The "Clerks" characters worked best, I think, as a TV show. Granted, Smith wasn't in complete control of that show, but the mood was mostly his, and it worked great in 22-minute shots. When stretched out into a movie, Smith seems to want to make a funny Before Sunrise: a lot of snappy patter with slightly more movement than My Dinner with Andre, but not that much more. So we get the jabs that the pop-cultural stuff that's emerged since the 2000 series (even some Transformers digs!...if not the best ones), we get the illusion of movement with lots of different characters coming through what is mostly one set, and we get an overarching plot that's tying together, if not vignettes, then a series of moments. It's what's tying everything together that I don't buy.
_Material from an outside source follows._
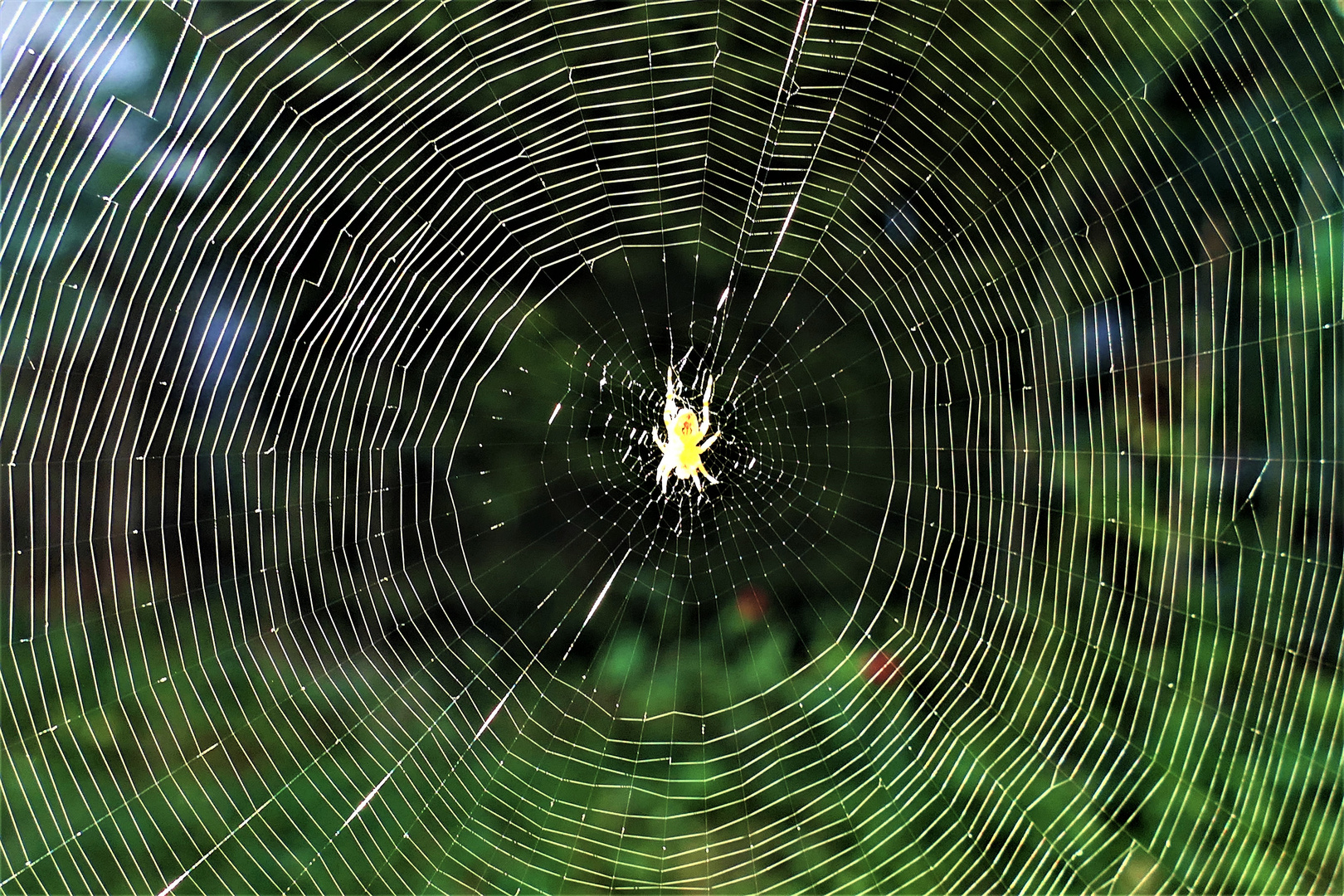 Durchblick mit Gegenlicht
Clerks a film text works not just because it's cheap or funny, but because it encapsulates the crap of the service-sector without being didactic about it. Smith should probably sue Kanye for the profits to "The College Dropout." But what does Clerks II say, with characters that have been doing the same old thing for the past decade? Maybe I'm prejudiced, faulting the must-be-millionaire Smith for being out of touch why it would suck to work at a fast-food joint nowadays. Actually, Clerks II isn't about that so much; it thus avoids just trying to be a better Waiting (or, for that matter, Telling You aka "Clerks-in-Color-Staring-Jennifer-Love-Hewitt's-Still-Impresive-Breasts") and prevents itself from saying anything deeper about modern society. What could have been a commentary on the travails of finding happiness when the business world not only ensures you won't "succeed," but supports a culture industry that reinforces a hegemonic notion of "success," instead somehow becomes a fairytale where there's always a better way that can net you self-mastery and Rosario Dawson instead of filial-in-law-feudalism and Mrs Kevin Smith (who, I'm sorry, was never as hot as Smith made her out to be, thus ruining J&SBSB for me).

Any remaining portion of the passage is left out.